Friday, November 17, 2017
I love drama and I usually try to create it using strong light and shadows. Recently I reviewed my files of other artists' work and realized that most of the images involved bright light. Depending on where we live many of us are faced with overcast conditions. I'll admit that I often find excuses not to paint out on those days. In low light the range of values is diminished. The contrast is less dramatic and the colors less saturated. Below is a plein air piece I painted on a very gray day-
While I was painting, a patch of blue sky developed and I quickly blocked it in using white and tiny touches of Prussian blue and cad. yellow light. Even though there is no direct sunlight on the scene this created a break from all the gray tones. After I got to the studio I pushed the color a bit more.
Here is another plein air study on a gray day-
The darks in the clouds are too dark even though I wasn't painting from a photograph. A value checker (red film) can help with this. I reworked it later to add some warmer blue showing through and added more light on the trees.
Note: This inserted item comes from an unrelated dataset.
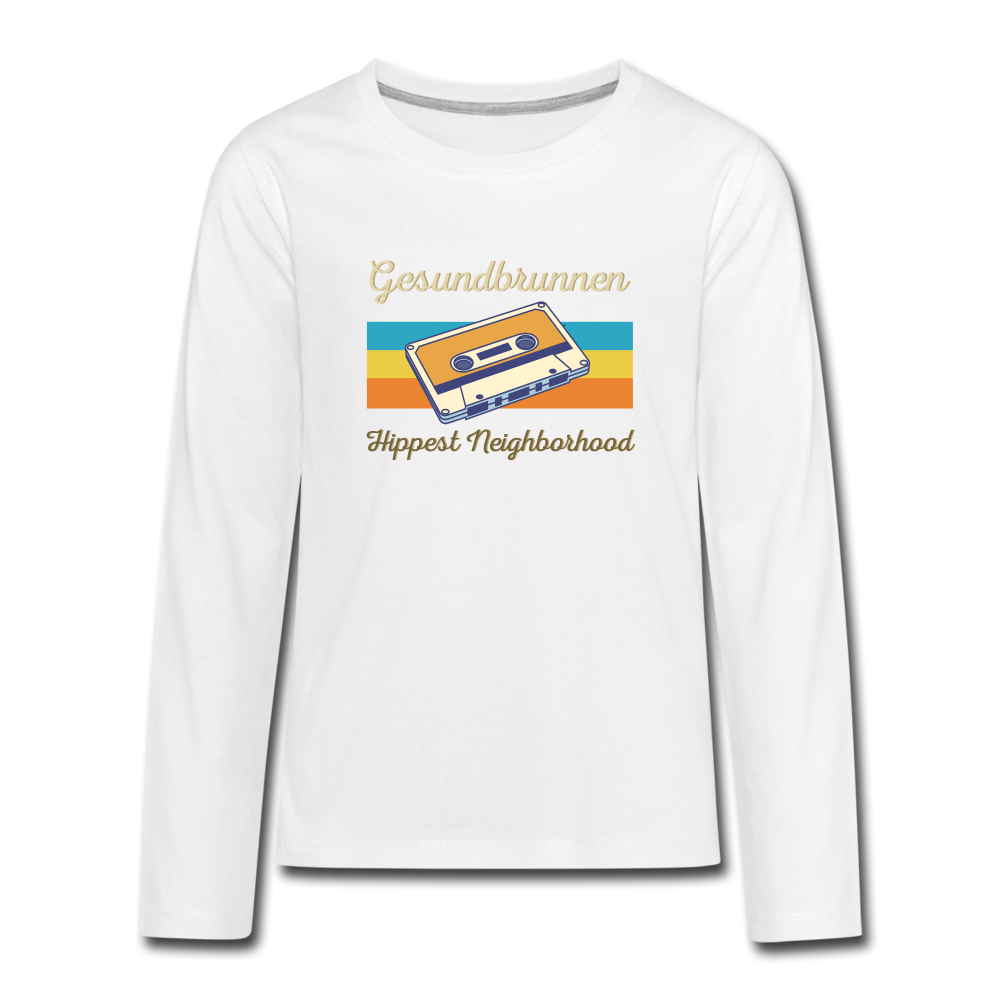 Gesundbrunnen Hippest Neighborhood - Teenager Langarmshirt - white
I think these changes improved the painting.
Consider these thoughts about gray day paintings-
Try for a strong composition and make light and color less important.
The light does not change as quickly on overcast days so you can take more time to finish.
Look for spots of more saturated color for contrast (flowers, man-made objects, patches of blue sky showing through). These colors will sing next to all the gray.
Try enhancing atmospheric perspective (fog, mist).
Look for water reflections. Make some up by adding a pond or puddle if you can do that.
So no more excuses! Go ahead and paint out on those cloudy days. (And I'm talking to me, not you.)
Happy painting, and many thanks to artist friend Mary Houston for her input on these thoughts.